§ **Required work**: Print exactly the lines from the one that contains "construct 3 criar jogos" through the final line of the entries below, both included, and nothing else; omit the pictures.

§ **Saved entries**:
______________________________

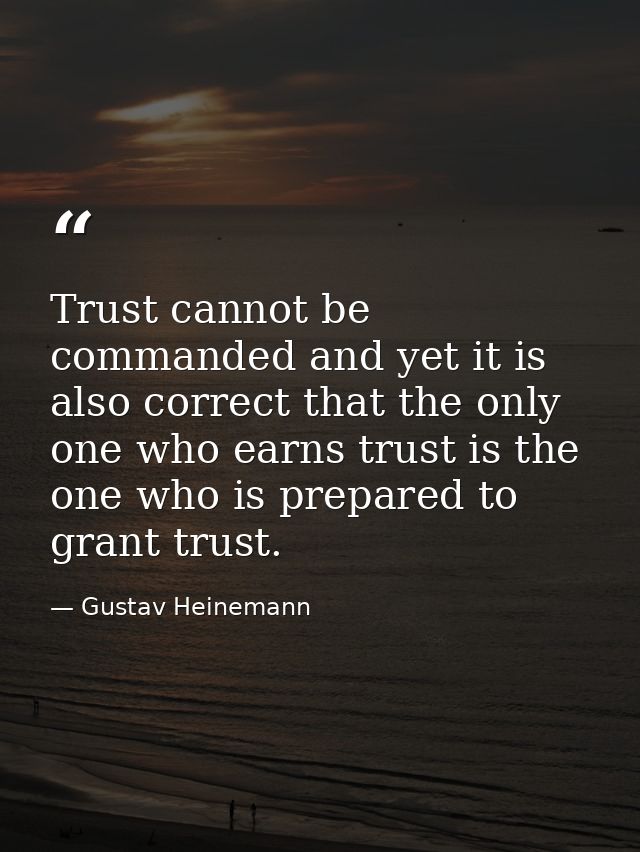 Trust cannot be commanded and yet it is also correct that the only one who earns trust is the one who is prepared to gra — Gustav Heinemann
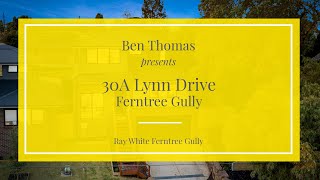 30A Lynn Drive, Ferntree Gully - Ray White Ferntree Gully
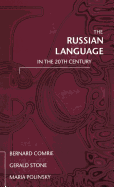 The Russian Language in the Twentieth Century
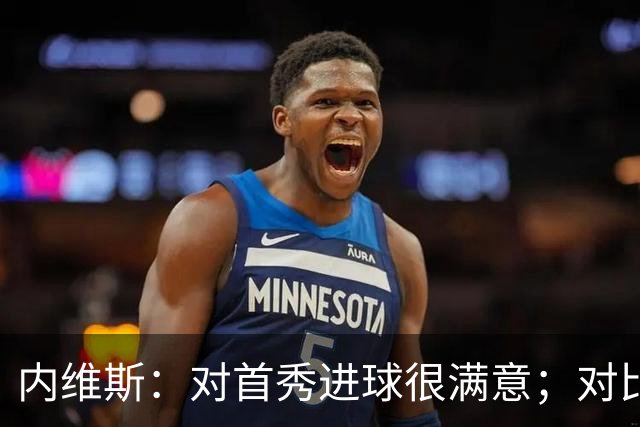 内维斯：对首秀进球很满意；对比赛结果略遗憾，但我们做得还不错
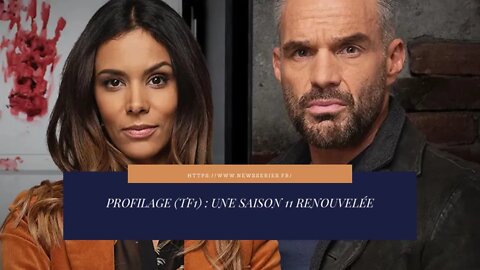 Profilage (TF1) : une saison 11 renouvelée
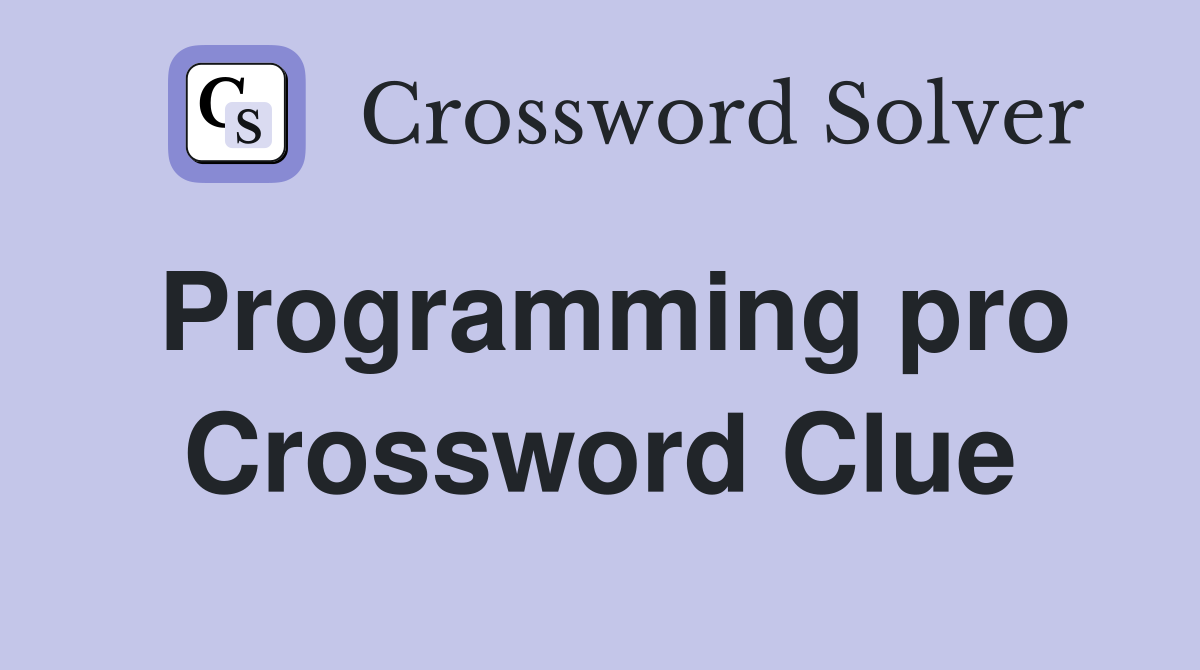 Programming pro Crossword Clue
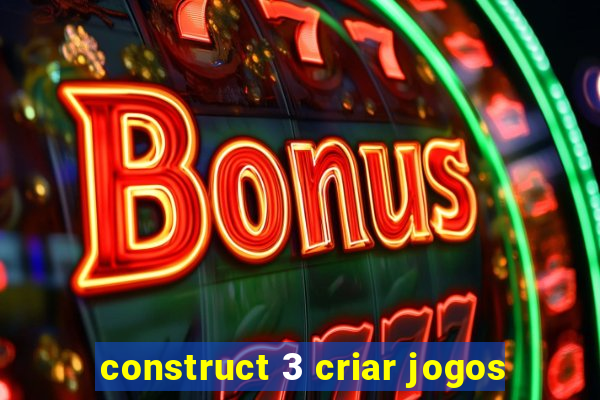 construct 3 criar jogos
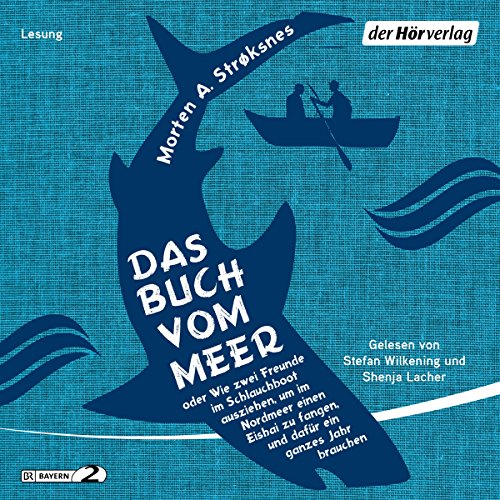 Das Buch vom Meer: oder Wie zwei Freunde im Schlauchboot ausziehen, um im Nordmeer einen Eishai zu fangen, und dafür ein ganzes Jahr brauchen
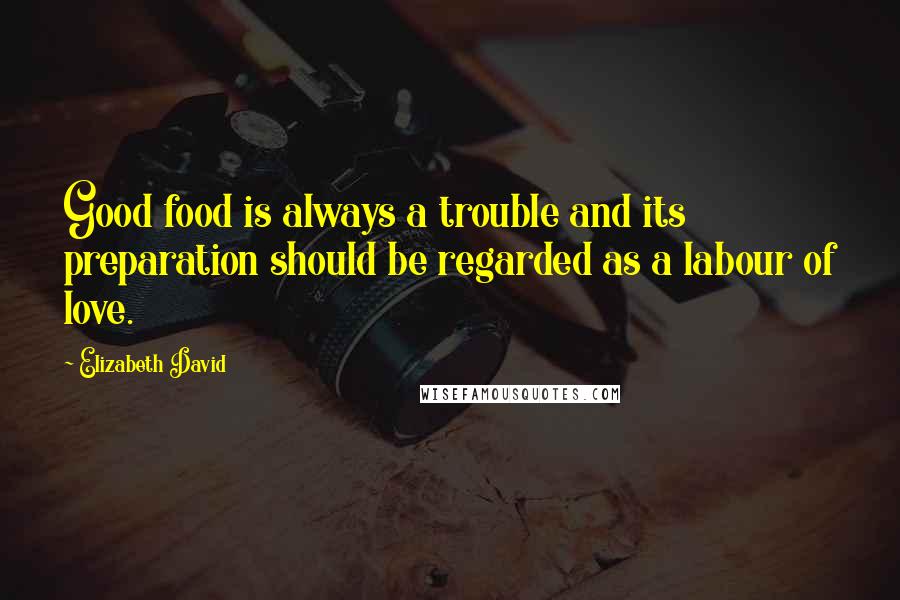 Elizabeth David Quotes: Good food is always a trouble and its preparation should be regarded as a labour of love.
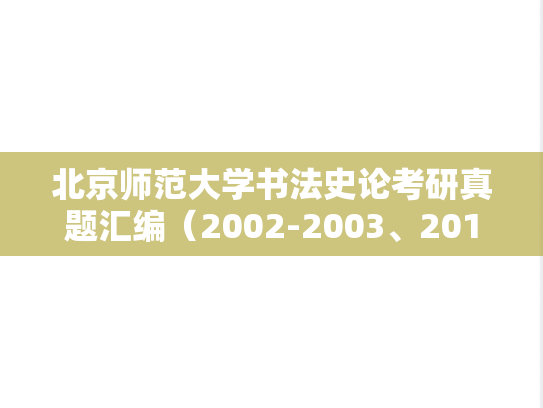 北京师范大学书法史论考研真题汇编（2002-2003、2017-2019、2021-2023）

______________________________

§ **Answer to this problem**:
 construct 3 criar jogos
 Das Buch vom Meer: oder Wie zwei Freunde im Schlauchboot ausziehen, um im Nordmeer einen Eishai zu fangen, und dafür ein ganzes Jahr brauchen
 Elizabeth David Quotes: Good food is always a trouble and its preparation should be regarded as a labour of love.
 北京师范大学书法史论考研真题汇编（2002-2003、2017-2019、2021-2023）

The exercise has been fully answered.